La rencontre a eu lieu sur Internet en octobre 2007. « Je suis divorcé depuis 1999. Je me suis inscrit sur un site où j’ai fait la connaissance d’Andréa, raconte Laurent Avice. J’ai découvert une femme douce, aimante et belle. Ce n’est qu’après que j’ai compris qu’elle habitait Madagascar. » Pendant cinq mois, les deux tourtereaux communiquent par MSN.

« Je suis tombé amoureux. A un moment il est devenu évident qu’il fallait soit arrêter, soit vivre ensemble, indique Laurent Avice. Sauf que pour faire venir Andréa, je n’ai rapidement pas eu d’autre choix que de l’épouser et attendre la transcription du mariage. Je n’étais vraiment pas chaud pour le mariage, mais j’étais amoureux. »

Laurent Avice entame les démarches administratives pour convoler en justes noces. « J’ai rempli une tonne de papiers. La procédure semblait très stricte.  » Le 8 février 2008, Laurent Avice s’envole pour retrouver l’élue de son cœur. « A mon arrivée, je retrouve la femme que je connaissais, précise-t-il. Tout se passe très bien. Je vais chercher le certificat de capacité à mariage et nous nous marions le 21 février. »
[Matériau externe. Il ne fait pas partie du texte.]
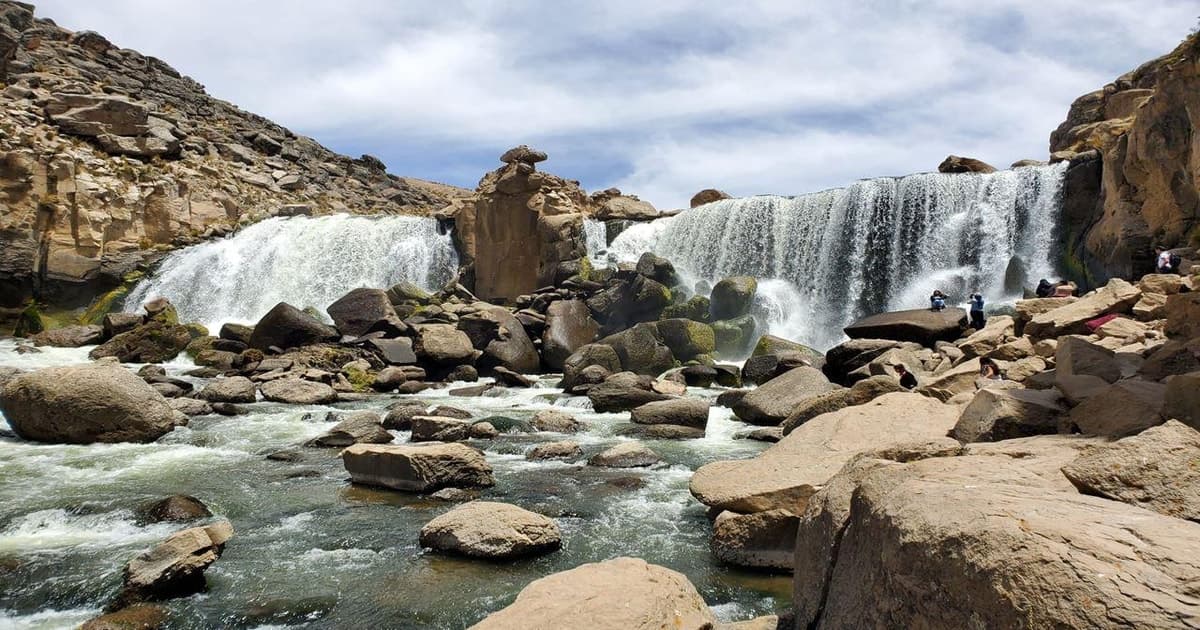 Arequipa: excursión de 1 día a la cascada de Pillones y el bosque de piedra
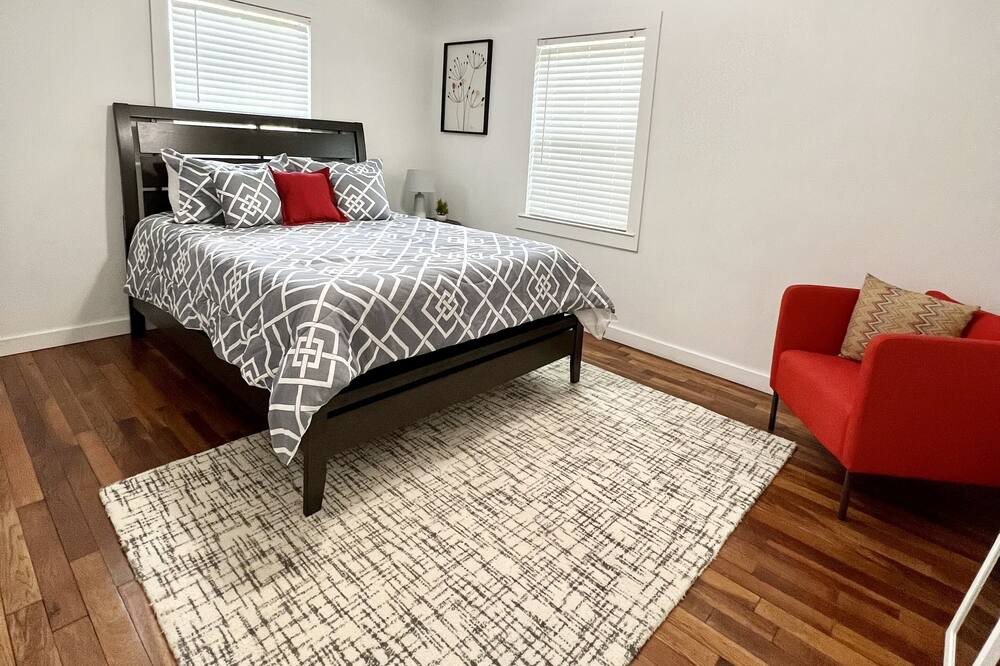 Photo of Bedroom in Lake Jackson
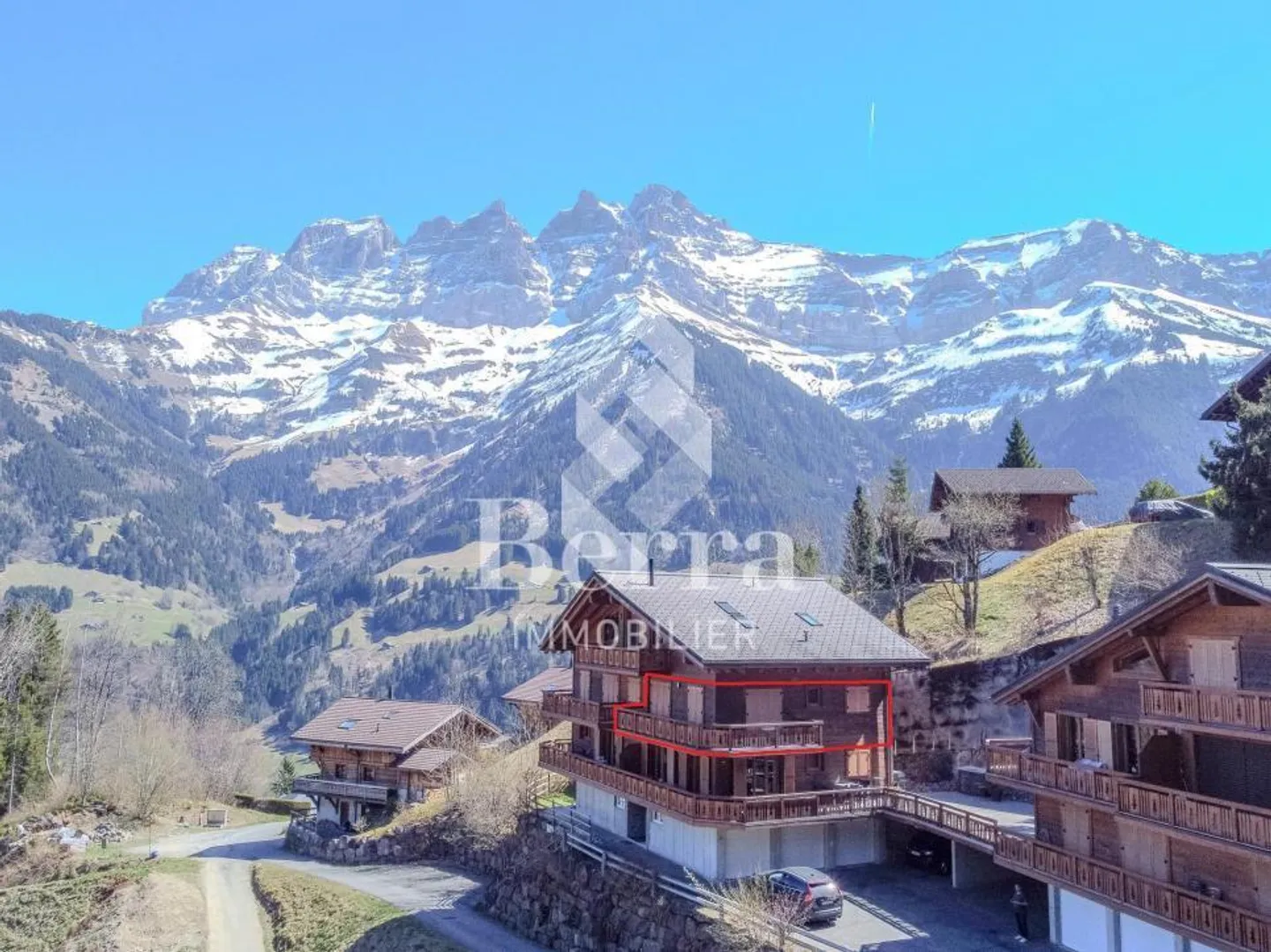 Colpo di fulmine per questo appartamento luminoso di 3,5 stanze! Possibile residenza secondaria - Foto 2 di 13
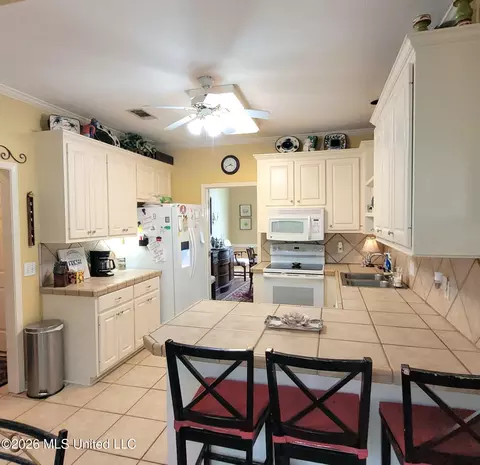 Kitchen - 500 Parkview Cv, Brandon, MS 39047 photo 3 of 5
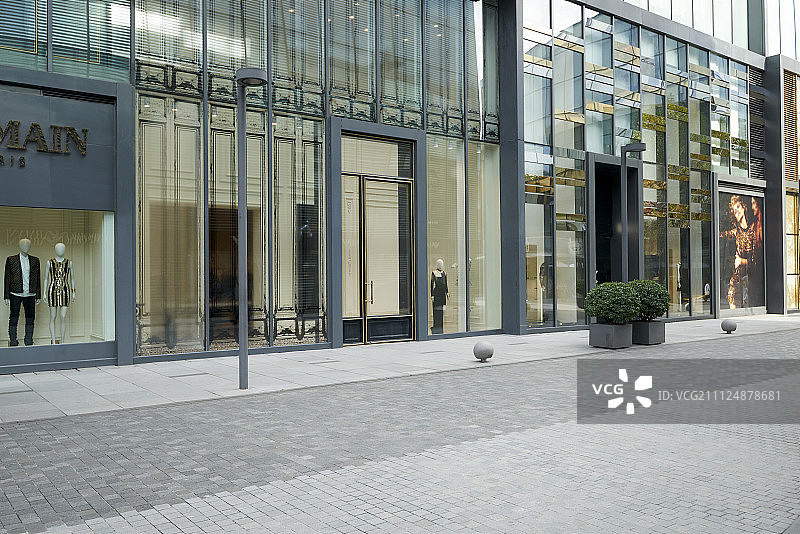北京三里屯奢侈品旗舰店和商业步行街图片素材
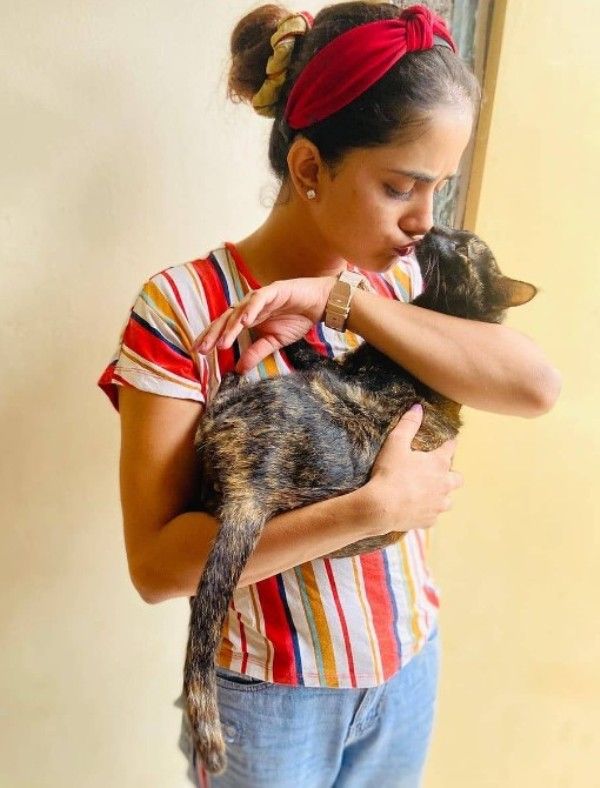 Bhagyashree Mote holding a cat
Laurent Avice rentre en France où sa femme le rejoindra le 18 juin. « J’étais le plus heureux des hommes, insiste-t-il. J’ai vite déchanté. Ma femme s’absentait très souvent et me parlait plus d’argent que d’amour. » En août 2009, Andréa part à Madagascar pour « revoir sa famille ».

Un mois plus tard, elle rentre en France, mais un événement va bouleverser la vie du couple. « Ma femme était enceinte, lâche Laurent Avice. J’ai insisté pour l’accompagner à l’échographie et je découvre que l’enfant a été conçu pendant son séjour à Madagascar. Il était hors de question que j’élève l’enfant d’un autre. Je lui propose un divorce à l’amiable. Elle accepte mais demande 5000 € de pension alimentaire. »

« Mon avocate a commencé par demander le divorce pour faute, précise Laurent Avice. Au fil des preuves que nous avons amassées, nous avons demandé la nullité du mariage. La partie adverse m’a accusé de violences conjugales, viol et proxénétisme, mais les deux dernières accusations ont été abandonnées. Il y a deux mois (le 10 juin), le tribunal d’Amiens nous a renvoyés dos à dos. Nous sommes donc toujours mariés. J’ai fait appel de la décision et le parquet se joint à moi pour la demande d’annulation du mariage. »

Dans son combat, Laurent Avice est soutenu par l’association Anvi (Association nationale des victimes de l’insécurité). Il a pris connaissance d’autres cas de mariages « gris », ces unions où l’un des deux conjoints aurait trompé l’autre sur ses sentiments pour obtenir un titre de séjour (voir encadré). « J’ai compris que je n’étais pas un cas isolé. Il y a beaucoup de dossiers comme le mien et deux tiers des victimes sont des femmes. Moi, je me bats pour obtenir justice, pour que la vérité éclate et puisse servir à d’autres personnes ».